Canada's largest bank said in a Monday filing with the Ontario Securities Commission — which has asked for public feedback on its terms for allowing the $3.8-billion takeover of the operator of the Toronto and Montreal exchanges — that it largely supports the transaction but has some concerns.
It fears costs will escalate when Maple Group Acquisition Corp., a consortium of 13 banks and pension plans, buys the TMX and combines it with the Alpha trading system and CDS, Canada's system for clearing and settling stock trades.
"Our key concern is that the Maple transaction will require a significantly different approach to the regulation of fees and fee models in Canada in order to compensate for the removal of effective competition for trading venues and the transformation of CDS into a profit-making venture," RBC's global co-head of equity trading Greg Mills wrote in a 21-page comment.
In one of several submissions to the Ontario regulator from various stakeholders, RBC (TSX:RY) suggests that Maple should be forced to use Alpha's lower trading fees as the basis for regulated pricing instead of TMX's current fees.
It also says the commission must increase its capacity to be an effective regulator of the market structure and fees.
Royal, which advised former takeover bidder LSE Group before its offer was rejected last year, is the only large Canadian bank with no affiliation to the Maple Group.
National Bank of Canada (TSX:NA), Toronto-Dominion Bank (TSX:TD), Bank of Nova Scotia (TSX:BNS) and Canadian Imperial Bank of Commerce (TSX:CM) are all Maple shareholders along with nine financial firms. Bank of Montreal (TSX:BMO) doesn't own a stake in Maple but is advising the TMX Group.
Maple has extended its almost $4-billion bid for the TMX Group (TSX:X), operator of Canada's major stock markets, until the end of July.
The consortium is awaiting regulatory approval from various provincial regulators as well as the federal Competition Bureau.

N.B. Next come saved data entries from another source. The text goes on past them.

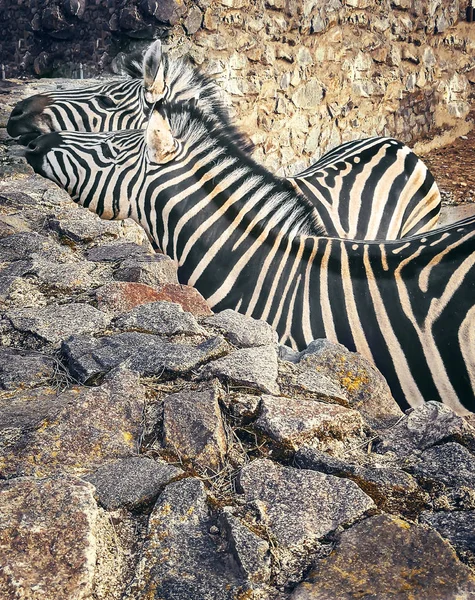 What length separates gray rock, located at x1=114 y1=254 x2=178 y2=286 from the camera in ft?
10.3

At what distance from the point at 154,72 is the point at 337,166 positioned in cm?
153

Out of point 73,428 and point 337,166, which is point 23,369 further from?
point 337,166

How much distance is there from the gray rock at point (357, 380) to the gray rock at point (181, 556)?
0.93 m

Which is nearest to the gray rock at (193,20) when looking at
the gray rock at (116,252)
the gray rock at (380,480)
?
the gray rock at (116,252)

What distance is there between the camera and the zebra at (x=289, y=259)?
122 inches

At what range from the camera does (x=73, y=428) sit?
6.07 feet

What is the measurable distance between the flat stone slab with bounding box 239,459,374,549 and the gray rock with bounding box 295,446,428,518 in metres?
0.05

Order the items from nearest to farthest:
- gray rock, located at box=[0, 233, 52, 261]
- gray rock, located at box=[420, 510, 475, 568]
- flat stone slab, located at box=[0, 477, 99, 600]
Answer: flat stone slab, located at box=[0, 477, 99, 600]
gray rock, located at box=[420, 510, 475, 568]
gray rock, located at box=[0, 233, 52, 261]

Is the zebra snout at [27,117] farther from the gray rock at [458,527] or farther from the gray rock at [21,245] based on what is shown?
the gray rock at [458,527]

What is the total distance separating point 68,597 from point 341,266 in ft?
7.73

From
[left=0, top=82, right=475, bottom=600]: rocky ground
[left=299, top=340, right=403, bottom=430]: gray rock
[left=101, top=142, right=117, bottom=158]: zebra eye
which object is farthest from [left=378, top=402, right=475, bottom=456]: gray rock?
[left=101, top=142, right=117, bottom=158]: zebra eye

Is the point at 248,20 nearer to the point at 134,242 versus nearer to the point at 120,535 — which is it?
the point at 134,242

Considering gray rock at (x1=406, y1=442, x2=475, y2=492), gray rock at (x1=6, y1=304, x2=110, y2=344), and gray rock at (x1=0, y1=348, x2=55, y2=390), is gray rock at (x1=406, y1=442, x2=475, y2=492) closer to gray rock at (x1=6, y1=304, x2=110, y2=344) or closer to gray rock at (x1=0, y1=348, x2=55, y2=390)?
gray rock at (x1=0, y1=348, x2=55, y2=390)

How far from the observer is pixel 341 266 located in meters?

Royal's requests were made during a public comment period held by the OSC seeking feedback on its draft recognition order.

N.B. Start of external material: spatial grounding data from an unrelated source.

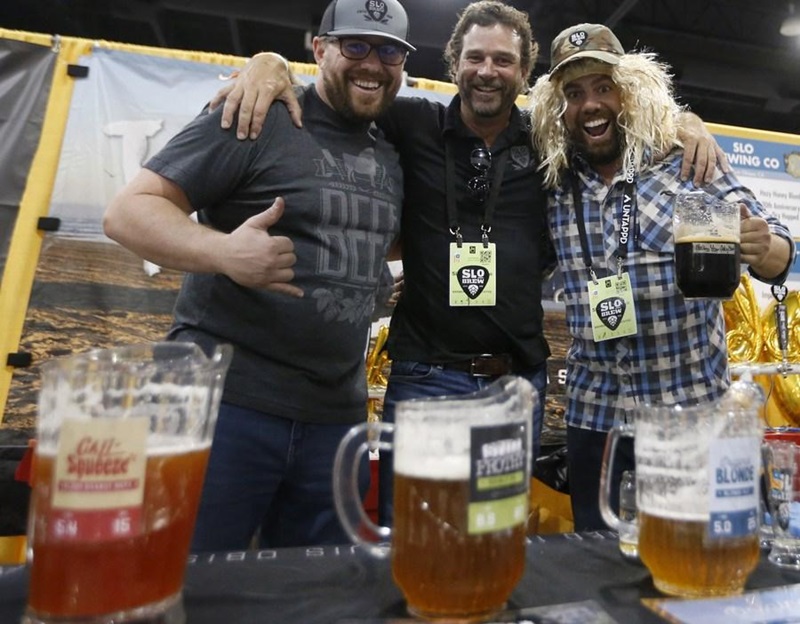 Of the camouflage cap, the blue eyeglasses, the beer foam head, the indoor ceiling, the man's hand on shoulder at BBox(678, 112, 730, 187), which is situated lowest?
the beer foam head

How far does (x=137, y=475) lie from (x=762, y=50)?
7815 mm

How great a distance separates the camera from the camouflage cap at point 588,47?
5.31 feet

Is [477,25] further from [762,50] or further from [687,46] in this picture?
[762,50]

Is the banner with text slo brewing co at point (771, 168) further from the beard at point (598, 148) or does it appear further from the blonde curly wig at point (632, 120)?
the beard at point (598, 148)

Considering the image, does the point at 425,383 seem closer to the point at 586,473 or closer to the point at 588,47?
the point at 586,473

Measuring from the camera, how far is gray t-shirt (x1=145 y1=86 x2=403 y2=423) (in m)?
1.26

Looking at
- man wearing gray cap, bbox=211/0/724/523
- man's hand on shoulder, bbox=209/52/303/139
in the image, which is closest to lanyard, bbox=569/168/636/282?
man wearing gray cap, bbox=211/0/724/523

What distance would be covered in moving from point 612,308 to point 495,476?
1020 millimetres

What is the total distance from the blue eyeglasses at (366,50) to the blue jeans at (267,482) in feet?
2.60

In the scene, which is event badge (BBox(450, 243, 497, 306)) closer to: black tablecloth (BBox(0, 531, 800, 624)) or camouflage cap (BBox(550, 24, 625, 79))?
camouflage cap (BBox(550, 24, 625, 79))

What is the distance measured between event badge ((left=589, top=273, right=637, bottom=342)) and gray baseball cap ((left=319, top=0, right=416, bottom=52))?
2.33 feet

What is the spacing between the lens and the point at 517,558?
23.5 inches

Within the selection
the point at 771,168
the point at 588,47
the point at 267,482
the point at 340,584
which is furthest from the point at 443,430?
the point at 771,168

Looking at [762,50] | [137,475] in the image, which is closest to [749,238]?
[137,475] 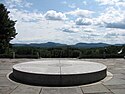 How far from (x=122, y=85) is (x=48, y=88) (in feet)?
10.4

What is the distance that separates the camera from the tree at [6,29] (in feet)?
113

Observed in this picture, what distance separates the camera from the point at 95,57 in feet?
81.4

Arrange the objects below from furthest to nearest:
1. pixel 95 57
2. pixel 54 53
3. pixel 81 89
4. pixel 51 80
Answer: pixel 54 53 → pixel 95 57 → pixel 51 80 → pixel 81 89

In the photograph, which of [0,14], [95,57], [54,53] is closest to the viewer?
[95,57]

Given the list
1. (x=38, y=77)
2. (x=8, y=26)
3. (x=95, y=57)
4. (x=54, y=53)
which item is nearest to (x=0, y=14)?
(x=8, y=26)

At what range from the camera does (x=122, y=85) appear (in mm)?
9594

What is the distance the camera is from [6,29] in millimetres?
34875

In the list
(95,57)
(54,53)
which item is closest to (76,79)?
(95,57)

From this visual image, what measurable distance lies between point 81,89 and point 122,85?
1917 millimetres

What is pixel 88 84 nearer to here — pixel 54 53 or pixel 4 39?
pixel 54 53

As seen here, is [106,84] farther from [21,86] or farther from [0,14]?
[0,14]

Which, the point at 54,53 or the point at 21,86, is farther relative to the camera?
the point at 54,53

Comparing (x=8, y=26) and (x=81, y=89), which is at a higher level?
(x=8, y=26)

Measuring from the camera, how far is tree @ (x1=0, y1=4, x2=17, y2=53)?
113 ft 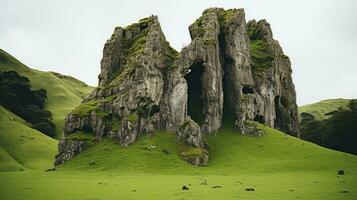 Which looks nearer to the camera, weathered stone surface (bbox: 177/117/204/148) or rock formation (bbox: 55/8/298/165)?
weathered stone surface (bbox: 177/117/204/148)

Global brokerage firm ITG Canada said it supports terms outlined by the OSC but called for even stronger safeguards to protect the public interest and strengthen the governance and oversight model.
"The structure proposed by the Maple acquisition is fraught with conflicts of interest across every facet of the trading, clearing and settlement infrastructure of this country," it wrote in a lengthy submission.
"These conflicts of interest have the potential to seriously affect the ability of other participants to compete effectively in our capital markets."
William Woods, CEO of WWWoods & Co., said the OSC's proposed orders will create a regulated monopoly that may be able to deal with all conflicts of interest raised by Maple's ownership.
"However, the commission has not explained why a regulated monopoly, rather than free and open competition, is in the best interests of the public in Canada," he wrote.
Maple seeks to acquire a minimum of 70 per cent and a maximum of 80 per cent of the shares of TMX Group, as part of an integrated transaction valued at about $3.8 billion.
Under the deal, Maple investors would end up holding 60 per cent of the TMX Group's stock and current TMX shareholders 40 per cent.
Besides banks, Maple is comprised of the Alberta Investment Management Corporation, Caisse de depot et placement du Quebec, Canada Pension Plan Investment Board, Desjardins Financial Group, Dundee Capital Markets Inc., Fonds de solidarite des travailleurs du Quebec (F.T.Q.), GMP Capital Inc., Ontario Teachers' Pension Plan and The Manufacturers Life Insurance Company.